De hecho repasando el video hay algunos mandatarios que tampoco se levantan. Y no pasa nada. Tiene importancia porque lo hace el rey de España y nuestra historia común dicta que hay que cuidar las sensibilidades de las relaciones diplomáticas con América Latina, unas sensibilidades que han ido cambiando cuando han cambiado las reivindicaciones y se habla más de indigenismo, se examina todo desde otro punto de vista.

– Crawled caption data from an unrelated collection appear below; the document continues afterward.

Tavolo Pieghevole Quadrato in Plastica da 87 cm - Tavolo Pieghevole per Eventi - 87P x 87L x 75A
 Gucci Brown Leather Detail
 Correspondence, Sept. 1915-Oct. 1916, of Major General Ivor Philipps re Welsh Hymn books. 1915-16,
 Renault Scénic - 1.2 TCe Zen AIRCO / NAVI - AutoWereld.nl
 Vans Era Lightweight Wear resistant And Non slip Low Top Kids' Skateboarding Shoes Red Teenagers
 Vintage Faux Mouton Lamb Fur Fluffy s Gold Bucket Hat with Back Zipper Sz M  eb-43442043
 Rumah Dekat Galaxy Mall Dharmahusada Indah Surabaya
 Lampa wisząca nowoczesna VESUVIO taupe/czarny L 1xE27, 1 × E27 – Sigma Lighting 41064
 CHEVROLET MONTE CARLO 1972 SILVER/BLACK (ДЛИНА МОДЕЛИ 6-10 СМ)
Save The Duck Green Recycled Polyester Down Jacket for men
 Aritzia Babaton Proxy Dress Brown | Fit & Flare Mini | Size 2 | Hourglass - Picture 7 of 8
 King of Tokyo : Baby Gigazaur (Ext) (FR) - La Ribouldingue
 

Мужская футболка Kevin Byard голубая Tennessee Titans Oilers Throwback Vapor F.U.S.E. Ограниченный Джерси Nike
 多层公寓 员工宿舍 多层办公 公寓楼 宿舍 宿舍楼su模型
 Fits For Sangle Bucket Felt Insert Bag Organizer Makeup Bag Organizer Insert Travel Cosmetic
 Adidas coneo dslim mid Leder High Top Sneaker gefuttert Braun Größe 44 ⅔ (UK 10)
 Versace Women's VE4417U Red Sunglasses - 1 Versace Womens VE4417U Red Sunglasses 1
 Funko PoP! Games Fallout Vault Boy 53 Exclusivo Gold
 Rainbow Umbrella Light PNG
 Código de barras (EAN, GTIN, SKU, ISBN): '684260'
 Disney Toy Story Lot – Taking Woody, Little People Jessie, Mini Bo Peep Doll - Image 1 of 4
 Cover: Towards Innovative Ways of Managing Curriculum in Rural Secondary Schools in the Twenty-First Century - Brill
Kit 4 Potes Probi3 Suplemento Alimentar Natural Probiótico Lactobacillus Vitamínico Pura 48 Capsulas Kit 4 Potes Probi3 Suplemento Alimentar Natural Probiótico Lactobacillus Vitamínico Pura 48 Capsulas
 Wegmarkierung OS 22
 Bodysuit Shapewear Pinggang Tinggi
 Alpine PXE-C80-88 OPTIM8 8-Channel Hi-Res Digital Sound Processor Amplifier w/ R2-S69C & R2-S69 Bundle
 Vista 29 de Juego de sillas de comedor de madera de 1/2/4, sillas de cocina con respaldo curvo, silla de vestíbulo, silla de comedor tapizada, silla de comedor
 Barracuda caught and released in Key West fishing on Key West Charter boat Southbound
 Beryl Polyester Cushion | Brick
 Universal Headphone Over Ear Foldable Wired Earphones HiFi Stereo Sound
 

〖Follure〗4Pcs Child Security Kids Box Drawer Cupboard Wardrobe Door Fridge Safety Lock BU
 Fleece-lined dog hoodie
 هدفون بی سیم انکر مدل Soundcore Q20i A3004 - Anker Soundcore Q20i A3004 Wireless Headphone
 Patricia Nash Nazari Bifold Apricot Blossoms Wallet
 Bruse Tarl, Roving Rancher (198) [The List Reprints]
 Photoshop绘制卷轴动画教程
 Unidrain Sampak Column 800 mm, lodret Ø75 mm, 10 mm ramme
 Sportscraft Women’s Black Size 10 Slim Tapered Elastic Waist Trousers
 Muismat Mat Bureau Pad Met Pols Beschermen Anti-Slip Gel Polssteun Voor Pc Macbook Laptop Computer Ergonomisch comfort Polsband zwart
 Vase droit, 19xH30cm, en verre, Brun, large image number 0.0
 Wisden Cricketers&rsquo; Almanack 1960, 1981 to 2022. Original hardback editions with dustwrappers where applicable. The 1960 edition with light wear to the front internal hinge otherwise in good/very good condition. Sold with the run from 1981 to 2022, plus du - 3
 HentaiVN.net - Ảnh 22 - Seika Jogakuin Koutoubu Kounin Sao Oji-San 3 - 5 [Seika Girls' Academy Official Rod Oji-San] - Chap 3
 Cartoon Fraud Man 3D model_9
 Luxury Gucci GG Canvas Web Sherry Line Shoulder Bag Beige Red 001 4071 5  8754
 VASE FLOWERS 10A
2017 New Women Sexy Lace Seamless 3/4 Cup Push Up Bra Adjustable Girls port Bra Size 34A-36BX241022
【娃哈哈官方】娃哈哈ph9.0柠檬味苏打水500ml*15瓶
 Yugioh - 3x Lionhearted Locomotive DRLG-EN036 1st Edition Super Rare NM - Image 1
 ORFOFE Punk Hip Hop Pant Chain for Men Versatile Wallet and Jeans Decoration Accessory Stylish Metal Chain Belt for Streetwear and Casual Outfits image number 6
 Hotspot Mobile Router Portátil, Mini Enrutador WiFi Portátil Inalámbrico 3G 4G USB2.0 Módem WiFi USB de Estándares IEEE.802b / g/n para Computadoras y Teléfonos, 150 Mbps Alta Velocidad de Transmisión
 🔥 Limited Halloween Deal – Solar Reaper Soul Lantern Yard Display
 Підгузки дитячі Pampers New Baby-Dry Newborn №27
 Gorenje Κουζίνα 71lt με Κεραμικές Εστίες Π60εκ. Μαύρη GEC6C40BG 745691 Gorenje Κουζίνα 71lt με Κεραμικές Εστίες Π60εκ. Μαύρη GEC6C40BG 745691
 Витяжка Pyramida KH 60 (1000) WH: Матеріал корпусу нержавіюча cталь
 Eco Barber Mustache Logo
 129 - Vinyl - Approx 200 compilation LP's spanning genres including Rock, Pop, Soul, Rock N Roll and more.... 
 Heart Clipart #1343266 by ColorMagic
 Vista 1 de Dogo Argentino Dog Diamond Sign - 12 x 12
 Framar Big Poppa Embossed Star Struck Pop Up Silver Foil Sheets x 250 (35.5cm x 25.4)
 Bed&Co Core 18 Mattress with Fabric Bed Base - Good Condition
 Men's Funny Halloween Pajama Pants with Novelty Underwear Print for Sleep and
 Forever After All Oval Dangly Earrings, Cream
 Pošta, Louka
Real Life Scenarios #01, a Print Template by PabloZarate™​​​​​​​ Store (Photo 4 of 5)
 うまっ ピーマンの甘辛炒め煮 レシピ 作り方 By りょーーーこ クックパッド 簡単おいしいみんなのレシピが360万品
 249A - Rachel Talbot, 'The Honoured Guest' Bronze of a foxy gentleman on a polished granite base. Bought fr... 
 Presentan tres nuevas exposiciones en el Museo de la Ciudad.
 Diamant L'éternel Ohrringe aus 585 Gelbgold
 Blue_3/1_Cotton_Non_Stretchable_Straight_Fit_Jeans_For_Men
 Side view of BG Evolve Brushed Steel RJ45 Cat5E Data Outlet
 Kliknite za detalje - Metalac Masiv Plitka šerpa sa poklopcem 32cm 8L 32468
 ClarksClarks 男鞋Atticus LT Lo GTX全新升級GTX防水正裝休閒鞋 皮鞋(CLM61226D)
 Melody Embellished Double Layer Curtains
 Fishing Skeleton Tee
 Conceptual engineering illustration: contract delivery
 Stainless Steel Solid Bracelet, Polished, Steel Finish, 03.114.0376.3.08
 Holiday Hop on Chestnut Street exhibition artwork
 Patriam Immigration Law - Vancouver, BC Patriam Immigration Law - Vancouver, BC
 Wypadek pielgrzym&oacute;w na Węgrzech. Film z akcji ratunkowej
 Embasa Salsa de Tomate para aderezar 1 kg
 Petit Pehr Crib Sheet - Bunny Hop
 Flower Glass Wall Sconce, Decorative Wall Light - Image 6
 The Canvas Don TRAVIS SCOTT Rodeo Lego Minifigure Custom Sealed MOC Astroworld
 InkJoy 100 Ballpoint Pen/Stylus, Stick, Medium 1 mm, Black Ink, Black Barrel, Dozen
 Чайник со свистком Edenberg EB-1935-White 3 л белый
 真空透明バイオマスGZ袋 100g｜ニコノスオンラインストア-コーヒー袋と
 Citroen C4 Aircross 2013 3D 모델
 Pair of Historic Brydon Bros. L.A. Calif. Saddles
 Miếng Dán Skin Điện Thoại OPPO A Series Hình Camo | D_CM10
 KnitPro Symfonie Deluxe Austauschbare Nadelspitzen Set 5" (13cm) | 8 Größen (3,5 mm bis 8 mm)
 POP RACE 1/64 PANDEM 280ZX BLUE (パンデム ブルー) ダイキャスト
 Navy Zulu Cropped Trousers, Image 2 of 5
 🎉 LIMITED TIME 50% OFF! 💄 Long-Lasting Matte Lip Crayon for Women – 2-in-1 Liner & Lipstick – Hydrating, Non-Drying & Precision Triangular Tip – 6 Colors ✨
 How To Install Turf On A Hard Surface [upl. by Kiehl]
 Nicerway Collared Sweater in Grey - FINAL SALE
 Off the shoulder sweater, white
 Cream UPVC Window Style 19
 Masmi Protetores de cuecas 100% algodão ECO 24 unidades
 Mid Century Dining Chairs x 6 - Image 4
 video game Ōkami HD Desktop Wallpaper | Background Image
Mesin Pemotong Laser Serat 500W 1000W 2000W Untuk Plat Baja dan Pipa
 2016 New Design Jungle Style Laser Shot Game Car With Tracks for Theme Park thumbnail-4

El periódico español La Vanguardia publicaba hoy una foto del monarca levantado al paso de la espada. En el repaso del video que hice se puede ver a Felipe VI en pie para despedir al arma de Bolívar. Otro gesto que también ya está siendo analizado: ¿Se levanta porque se da cuenta de su error? ¿Se levanta porque el acto está terminando y aplaude en pie el nombramiento de Petro?
Quién sabe. Eso solo lo sabe su majestad.
Como tengo tendencia a pensar bien creo que este error se produce porque nadie avisa a Felipe VI de que tiene que levantarse. Así de sencillo. Un error de protocolo, de asesoría. Un rey menos tímido y dado a los gestos más fácilmente interpretables como su padre seguramente no habría tenido ese problema porque le habría salido de forma personal pero Felipe, su hijo, vive el protocolo según las normas del mismo y, si nadie le avisa, no es lo suficientemente espontáneo como para hacerlo por sí mismo.
Un rey, como el actual, que sabe que la monarquía española no pasa por su mejor momento, se acoge a lo que le diga el protocolo diplomático y, si este no está atento a estos detalles, de ninguna manera va a hacer algo que pueda malinterpretarse. Por desgracia, en esta ocasión, el intento de no gestualizar y de no expresarse ha acabado por dañarle y por generar una polémica.
Ni una duda tiene este que escribe que habrá que esperar a la reacción diplomática colombiana que se expresará, si lo cree conveniente, en un sentido o en otro y que dará dimensión y una interpretación al gesto torpe de su majestad quitando o añadiendo hierro.
No tengo dudas tampoco sobre que esto se intentará mitigar con una visita oficial de rostro amable, con algún otro gesto de simpatía de la casa real marcada por el Ministerio de Asuntos Exteriores que es el que le dicta Don Felipe VI sus pasos.
Ustedes, queridos colombianos, mantengan la calma porque en España se les quiere (aunque hayamos metido en juicios a Shakira) y se les aprecia. Que nuestro Rey cometió un error y una metedura de pata pero que lo que nos une es mucho más profundo que lo que nos divide (si es que nos divide algo) y que el tiempo pondrá las cosas en su lugar. Por lo pronto disfruten y sean libres de ilusionarse con esta nueva etapa de la democracia colombiana, que se hagan reales los deseos expresados por Gustavo Petro de que acabe la división, de que caminemos todos en una nueva y buena dirección y que, como decimos en España, haya “salud y pesetas” para todos. Españoles y colombianos. Espero, de corazón, que algo del espíritu de la cumbia haya influido en nuestro jefe de Estado y que vuelva más ligero, menos tímido y más espontáneo. Si no se cumplen estos deseos míos, al menos, que haga suyas las palabras que su padre dijo cuando quiso ponerse en paz con los españoles: “Lo siento mucho. Me he equivocado. No volverá a ocurrir”.